One was just thinking about the first year of the launch. I know there will be focus on sales and the success metrics of the launch. Do you expect that this is primarily a blocking and tackling going out there and getting to all these sites and trying to get all of these first-line patients with ROS1? Or do you think that there will also be people who are swapping and coming off of TKIs? Just sort of give us a picture of how you think and which types of patients will be coming on in the first year given ROS1 testing. The second question is maybe a bit of housekeeping, but is this a full approval? I noticed with Repo, it's designated technically as accelerated approval, but yours actually seems pretty broad and doesn't necessarily mention any of that.
I just want to confirm any additional requirements because it does seem quite positive around your approval and indication versus competitors. Thank you.
Great. I'll start with the second question first. It is a full approval. There's nothing else we need to do. We're done. On your first question, I think that all launches involve a lot of blocking and tackling, no matter what. As good as any drug is, I think it's always a lot of blocking and tackling. With regard to swapping, the standard practice in oncology has been you do not swap a patient out until they progress.
We think that there are actually reasons to swap at least some TKIs for Iptrozi off the bat, which is if you look at this particular disease where 36% of people who get diagnosed are diagnosed with a brain metastasis, and the fact that 50% of people, when they do progress, will progress with the brain as the first site of disease progression, this is a disease you need to have CNS coverage. Giving a drug that does not have CNS coverage is just not great medical practice. We think that given the fact that Crizotinib, which is the most widely used TKI, does not cross the blood-brain barrier, it would be inappropriate for physicians to continue Crizotinib when Iptrozi is available. We have been speaking to multiple practices and healthcare systems about this.
While I don't know if it's easy to get oncologists to change their practice, in general, it isn't easy. We do think there's, in this particular case, a really strong rationale why they should switch. We do know, though, that in spite of what practices Pavan's there are, entrectinib or crizotinib, the PFS is only about a year and a half. They're going to be coming off therapy in relatively short order. We know from repotrectinib that their discontinuation rate, especially due to CNS effects, is substantial, 10% a month. Those patients will certainly be switched to a more tolerable agent. We do expect Iptrozi to be used in switches in those kinds of cases.
We do think that it's important by the change practice to make sure that CNS coverage with a really robust, durable drug is given right as early as possible, which we think is immediately upon diagnosis.

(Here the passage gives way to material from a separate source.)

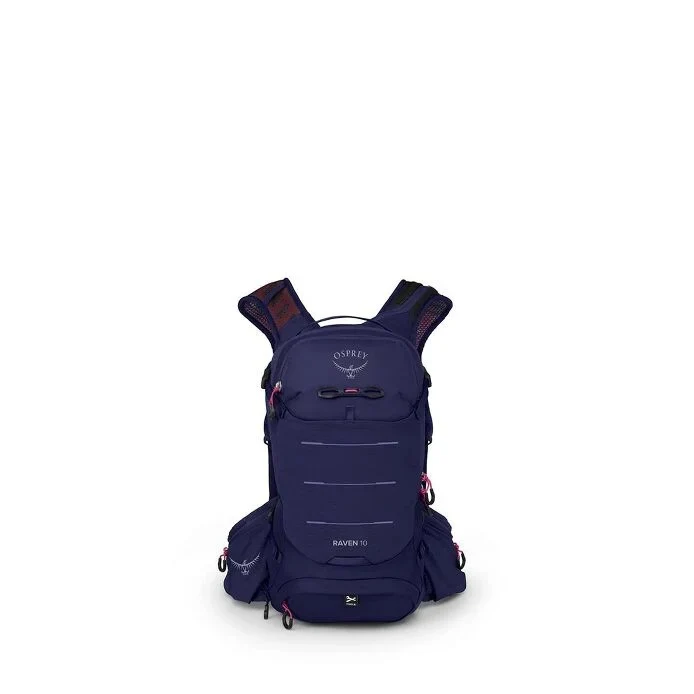 Raven 10 - Image 3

That's what we're going to be pushing for. Whether or not how long it takes to change physician practice always takes some time. In this particular case, we think the rationale is so clear, we hope that it's accelerated a bit beyond standard switching practices.
Very good. Thank you.
There are currently no other questions queued at this time, so I'll turn it back over for closing remarks.
We want to just thank all of you for your support. We're super excited about this launch. We think this is going to be one of the great drugs in oncology.
We're so delighted to be able to offer patients with such a devastating disease this kind of durability of response and this kind of tolerability profile. We'll keep you updated on new developments that occur. We hope to do another data cut sometime later this year. If we happen to hit a meeting at that point, we'll certainly be updating the label. Again, what we're saying, we have no idea how long this can go on for. We think this drug is showing durability that even we did not expect. All a high-class problem, but we'll keep you updated as we get more data. Thank you so much.
This concludes today's conference call. Thank you for your participation. You may now disconnect your lines.